Your smartphone could be hacked without you clicking a single link.
That's what happened to journalists across Europe in early 2025. WhatsApp warned roughly 90 users—many of them journalists and civil society members—that they'd been targeted by Israeli spyware company Paragon Solutions. Months later, Apple sent threat notifications to iOS users; forensic analysis confirmed at least two journalists had been hit with Paragon's Graphite spyware using a zero-click attack. No tap. No link. Just hacked.
According to TechCrunch, government hackers have spent the last 15 years targeting journalists, human rights defenders, political opponents, and critics with sophisticated spyware that records calls, steals messages, accesses photos, and hijacks your camera and microphone.

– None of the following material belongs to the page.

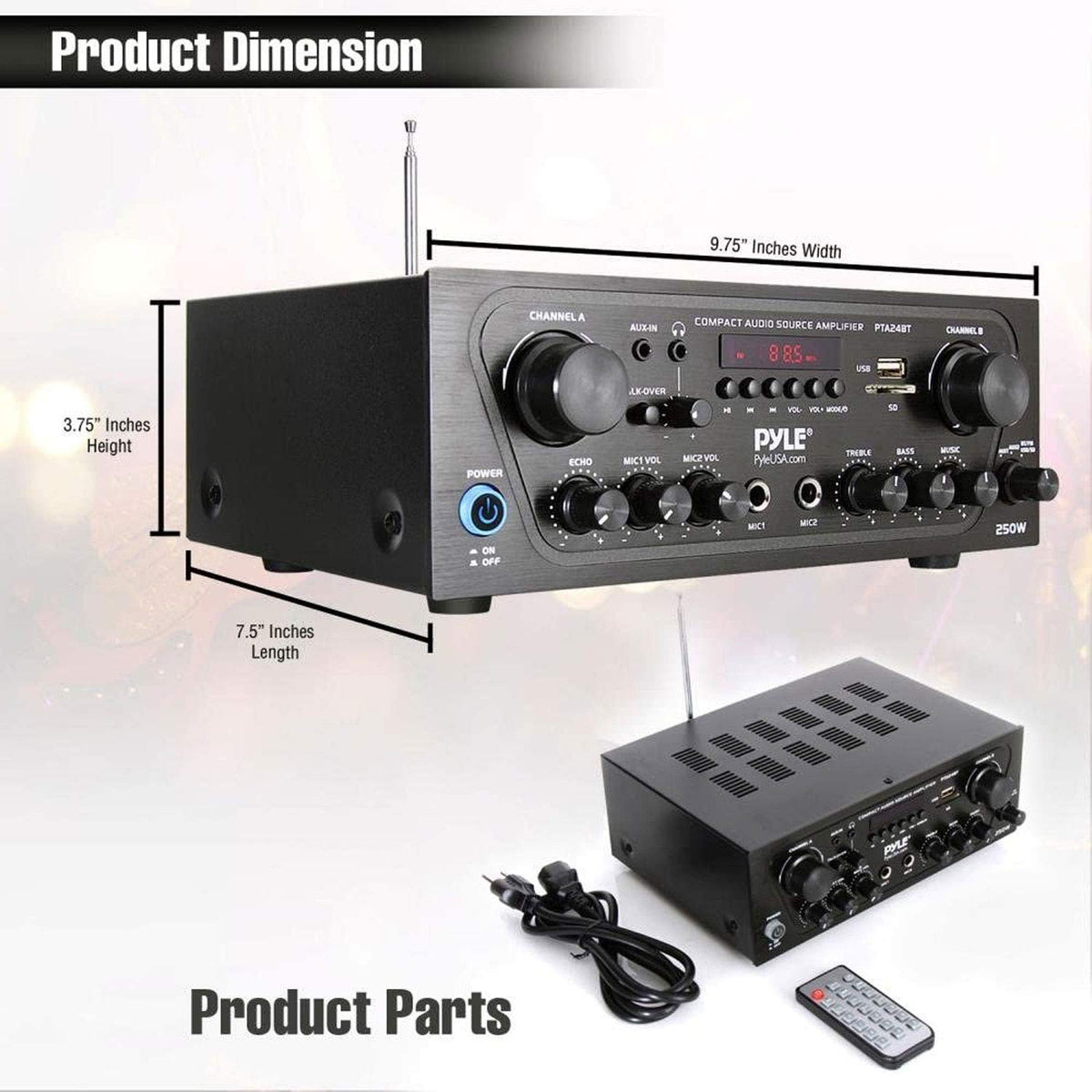 Pyle PTA24BT karaoke setup with two mics for home singing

Apple, Google, and Meta are fighting back with opt-in security features specifically designed to counter targeted spyware attacks. They now offer free, easy-to-enable security modes that add extra protection, sometimes by limiting regular features as a tradeoff.
Security researcher Runa Sandvik, who has spent over a decade protecting journalists and at-risk communities, says: "These features are free, easy to enable, and the best defense we have today against sophisticated spyware."
No security measure is bulletproof, but these features have proven effective. Spyware makers innovate, then tech companies respond. It is an ongoing arms race—but one where you can defend yourself.
If you are a journalist, activist, political dissident, or anyone who suspects you might be targeted by government surveillance, security experts recommend enabling these modes immediately. Even if you are not at risk, turning them on keeps your data safer.
Your phone holds virtually everything about your daily life. It's time to protect it.